Background technology
As the power supply that electric railway is unique, tractive power supply system, while meeting to electric locomotive reliable power supply, also should pursue high-quality and Effec-tive Function, and this just has higher requirement to traction power supply scheme minute design.Traditional conceptual design too relies on designer's professional experiences, and the determination of main power supply facilities quantity and position is subject to subjective factor impact, and the choosing of the ratio of limited scheme, also lack global optimizing ability, be difficult to the optimum ensureing design capacity.Recent year Railway Design department has successively introduced internationally recognized tractive power supply system design software, the such as OpenPowerNet of ELBAS/WEBANET and the IFB company of German SIGNON company, utilize traction load process simulation means, trend distribution in dynamic calculation system, the probabilistic method extensively adopted before computational accuracy and efficiency are all better than.But above-mentioned business software core algorithm only can carry out computation and analysis to given design proposal, do not possess scheme automatic optimal ability equally.
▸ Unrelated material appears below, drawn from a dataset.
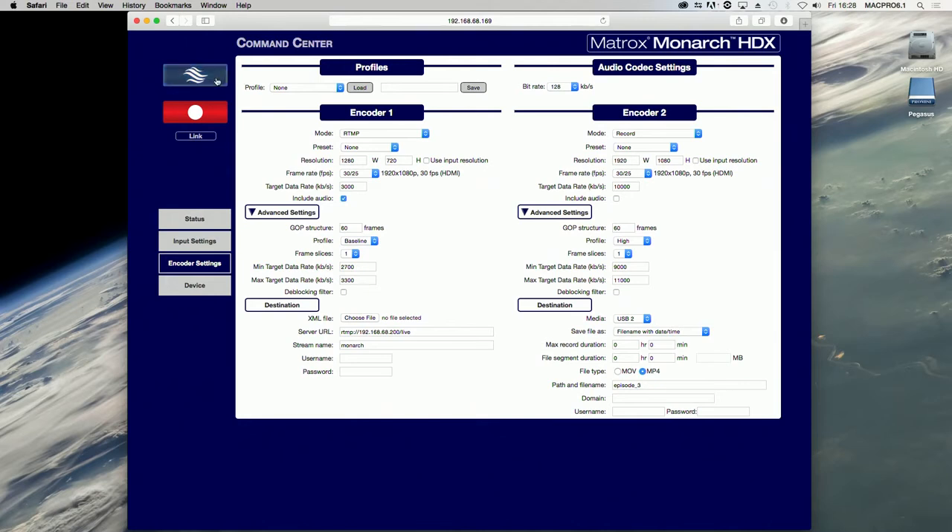This button indicates that an encoder is set to stream. You click this button to start streaming the input source. If you are controlling multiple Monarch HDX devices, all the devices that are set to stream will start streaming.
The key problem of tractive power supply system design determines the number of power supply facilities, position and traction transformer capacity, can by building single goal or multi-objective optimization mathematical model, introduce intelligent optimization algorithm, take full advantage of the computation and analysis ability that computing machine is powerful, result is constantly carried out automatically along improving countermeasure, finally converge on optimal case, the scope of its com-parison and analysis be also manually select excellent incomparable.
Summary of the invention
Object of the present invention is just to provide a kind of electric railway traction power supply plan Optimization Design, the method can determine number, the design parameter such as position and transformer capacity of traction power supply facility automatically, efficiently and accurately, reduce the deficiency of subjective judgement in engineer, overcome the limitation of limited scheme than choosing, improve the level that becomes more meticulous of traction power supply design.
The object of the invention is by following means realize.
A kind of electric railway traction power supply plan Optimization Design, with the number (N of power supply facilities
tS, N
sP, N
aT, N
kB), position (P
tSi, P
sPj, P
aTk, P
kBt, wherein i=1,2 ... N
tS, j=1,2 ... N
sP, k=1,2 ... N
aT, t=1,2 ... N
kB) power supply facilities and traction transformer capacity (S
tSn, n=1,2 ... N
tS) as optimized variable, described power supply facilities comprises traction substation TS, subregion SPAT and switching station KB; Constraint condition is set according to design performance and requirement, includes but not limited to: the minimum operating voltage U of Traction networks T
minwith maximum operating voltage U
max, addressing parameter limit value A, the flat vertical face parameter limit value B of circuit, determine optimization object function; Described optimization aim includes but not limited to: minimum power supply capacity S completely
sub, minimum average B configuration power consumption P
loss, minimum construction costs M; The electric railway traction power supply system design proposal of single goal optimum or muti-criteria satisfactory optimization is met by following step:
1) optimized variable and the initialization assignment of traction power supply conceptual design is read in;
2) tractive power supply system performance requirement, constraint condition and iteration convergence condition is read in;
3) by 1) and 2) the selected optimization object function of data input;
4) intelligent optimization algorithm automatic Iterative optimizing;
5) preferred result is exported after meeting the condition of convergence.
Carry out the design of computing machine automatic optimal to above-mentioned mathematical model, Optimizing Flow as shown in Figure 2.Wherein intelligent optimization algorithm can adopt ant group algorithm, particle cluster algorithm, genetic algorithm etc., to all possible traction power supply scheme calculating target function value in constraint condition restriction of domain, by computing machine automatically than jigging prioritization scheme, completing whole optimizing process when meeting iteration convergence condition, determining optimal power scheme or satisfactory solution.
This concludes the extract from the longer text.